Good evening, and welcome to a second Pittsburgh edition of 500 Words Before Bedtime. I’m sure most of you are interested in mom’s condition, and I will get to that, I promise.
But first, let me complain about Aldi.
Aldi is the world’s most ridiculous grocery store. In fact, I’m not sure it even merits the title. Aldi is a store that occasionally deigns to sell groceries. I would not be totally shocked to walk into Aldi one day and find they’d filled their shelves entirely with lima beans, horse feed, and Bulgarian chocolates.

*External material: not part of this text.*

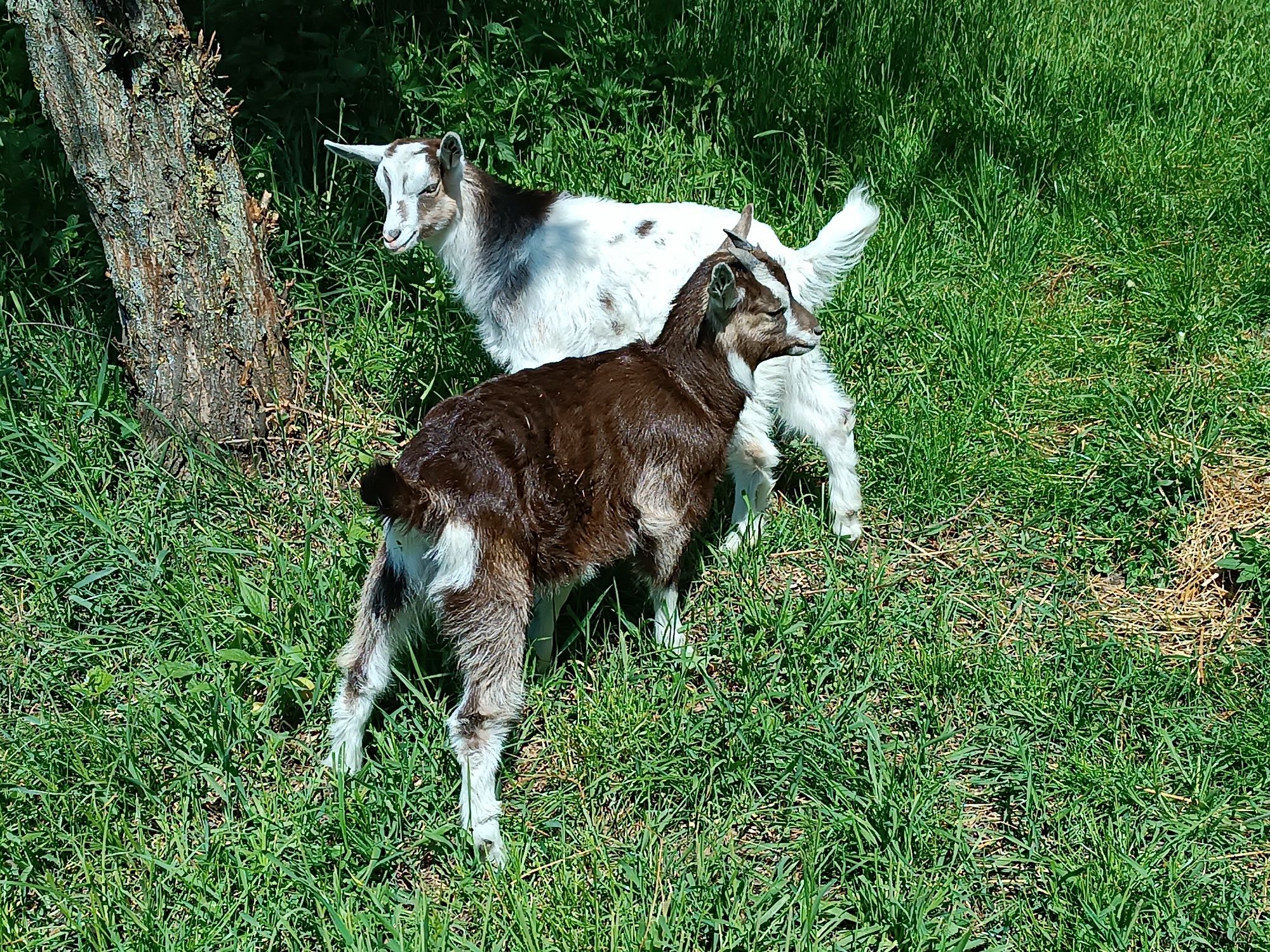 Продам козенята від молочної кози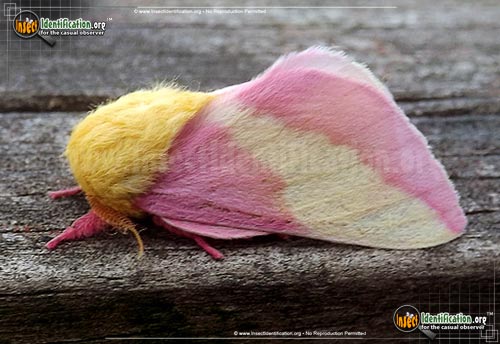 Full-sized image #4 of the Rosy-Maple-Moth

Go to Aldi seeking bananas on a Tuesday in January? “Oh, don’t be ridiculous. Bananas? Why would we sell those? We’ve got ginger root! Unidentifiable squash! Would you care for some Asian noodles made of seaweed? Oh, we’re sorry. Did we waste your time, and now you have to go to a completely different store to get the single item you needed *like we always do*? Haha. Er. We mean, ‘sorry.’”
And I’m sorry to the Aldi fans. I know you love it. Truly, I do. But man does that store irk me.
Let me get back to the point. Things are better. Good? Not really. She’s still in a ton of completely inexplicable pain. Do we have even tentative answers? Absolutely not. But better? Yes.
Today, besides going to Aldi for bananas (like a fool), I worked while keeping an ear out for mom’s needs, chatted with the caregivers, and borderline harassed whoever happened to be at the nurse’s station for test results.
At one point, apropos of nothing, mom said, “I wonder if I could still ride a bicycle.” The truthful answer to that was, “Are you insane? That is the worst idea I can possibly imagine,” but instead I said, “You used to be able to, for sure, mom. Let’s just not try it tonight.”
Our pinnacle achievement was getting out of her apartment to have supper in the dining room. I’m about as proud of that as I was of my dissertation defense.
Now she’s is propped up in her recliner, her friend Mary is visiting, and we are watching Law & Order at 14 million decibels. With my noise-cancelling earbuds it’s almost the level of that one Metallica concert I went to.
Yeah. OK. I bet some of you would probably like to hear about that, but it’s a story for another…century, really.
In the meantime, the temperature is slowly rising to Elderly Comfort Levels in the mid to high 90s.
It’s almost enough to make one wonder if Aldi is open. They at least keep their frozen aisle frozen, right? Possibly? Maybe there would be some soothing German music playing at low tones while families gather in Aisle 4 to discuss a dinner made of two cans of sardines, spicy Moroccan cheese and a half-priced jar of expiring marshmallow fluff.
Maybe it would be therapeutic.
But you know what? No. I refuse. BANANAS! Seriously? I’d rather die of heat stroke.